The THRIVE-CENTRA-keyhole technique is a combination of a 3D T1-weighted turbo GRE sequence, where a fat suppression pre-pulse is followed by the acquisition of several profiles [3D T1-weighted high-resolution isotropic volume examination (THRIVE)], with a segmented centric profile ordering technique [contrast-enhanced timing-robust angiography (CENTRA)]. Additionally, this profile ordering technique is combined with a 3D dynamic keyhole to accelerate data acquisition time during the arterial phase scanning [9]. Moreover, the 4D enhanced THRIVE (eTHRIVE) has been introduced for performing single-breath-hold multiple arterial phases in contrast-enhanced liver MRI [9].
Gadoxetic acid (Gd-EOB-DTPA), a liver-specific MRI contrast agent with perfusion and hepatocyte-selective properties, has been used for dynamic and hepatobiliary phase images [10]. However, adverse events such as nausea/vomiting, blood pressure decrease, and acute transient dyspnea after intravenous gadoxetic acid administration have been demonstrated in several studies [11, 12]. Notably, several techniques have been suggested to reduce truncation or respiratory artifacts, such as contrast agent dilution or respiratory triggering methods [13,14,15,16,17,18,19]. Nevertheless, severe image degradation with various artifacts (e.g., respiratory motion and truncation artifacts) in multiple arterial phases has often been experienced when gadoxetic acid is used. In fact, it is very important to reduce these artifacts because multiple arterial phases with the 4D eTHRIVE Keyhole technique are added to the standard MR protocol in contrast-enhanced liver MRI.

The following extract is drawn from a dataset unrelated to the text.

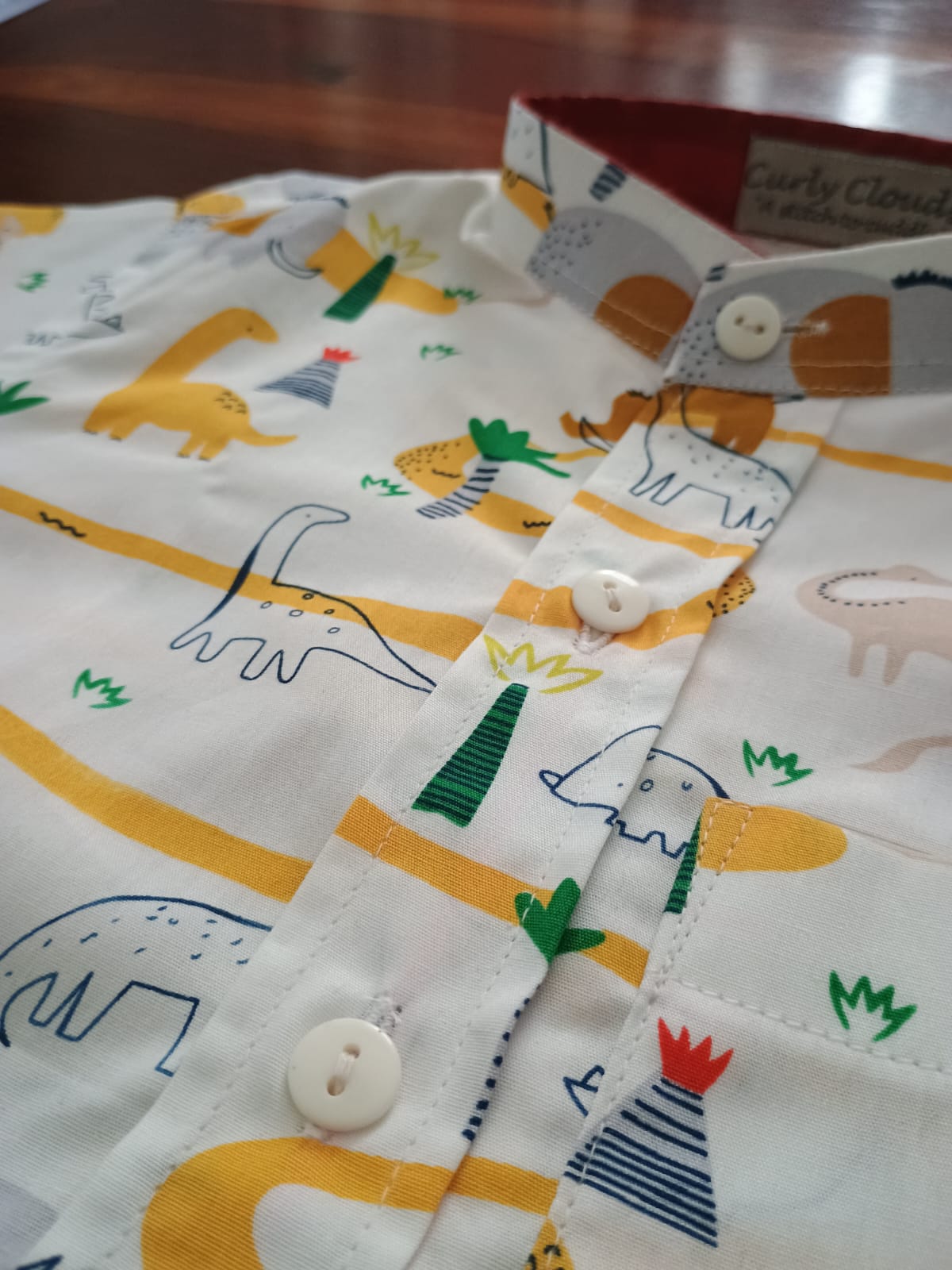 Pure Cotton Shirt with Yellow Dino Print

In this study, we hypothesized that severe image degradation of multiple arterial phases scanned with the 4D eTHRIVE Keyhole technique might be associated with the intravenous administration of gadoxetic acid. Accordingly, this study aimed to confirm our hypothesis and then identify the method that would help improve the multiple arterial phase image quality. Therefore, we conducted a retrospective study to evaluate the impact of Gd-EOB-DTPA on image degradation of a single-breath-hold, triple arterial dynamic MRI of the liver with the 4D eTHRIVE Keyhole technique, and we then compared our results with those of extracellular gadolinium contrast agent-enhanced MRI.
Materials and methods
Study population
The ethics committee of our institute approved this retrospective study and waived the requirement for informed consent. We conducted a computerized search in the medical records at our institution from April 2014 to September 2015, and a total of 563 patients who underwent liver MRI were consecutively registered as the study group (the gadoxetic acid group). At a similar period, from April 2014 to December 2015, a total of 480 patients who underwent MRI study of the pancreas, bile duct, or kidneys were recruited as the control group (the gadoteric acid group). Detailed inclusion and exclusion criteria are described in Fig. 1a, b.

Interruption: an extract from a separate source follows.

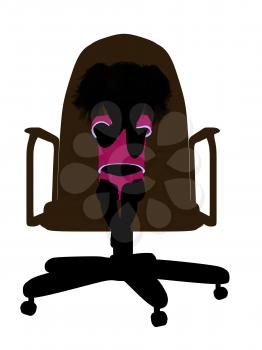 Royalty Free Clipart Image of a Silhouette of a Baby in a Chair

Finally, 103 (35 women, [mean age, 58 years; range 29–84 years] and 68 men [mean age, 60 years; range 25–80 years]) were enrolled as the study group, and 103 (49 women [mean age, 55 years; range 19–83 years] and 54 men [mean age, 59 years; range 20–86 years]) were enrolled as the control group.
The choice of contrast agents was study dependent, not randomized; 108 administrations of gadoxetic acid in 103 patients (liver MRI, n = 108) and 103 administrations of gadoteric acid in 103 patients who had contrast-enhanced MRI of the pancreas (n = 50), MR cholangiopancreatography (MRCP, n = 51), or MRI of the kidneys (n = 2) were conducted.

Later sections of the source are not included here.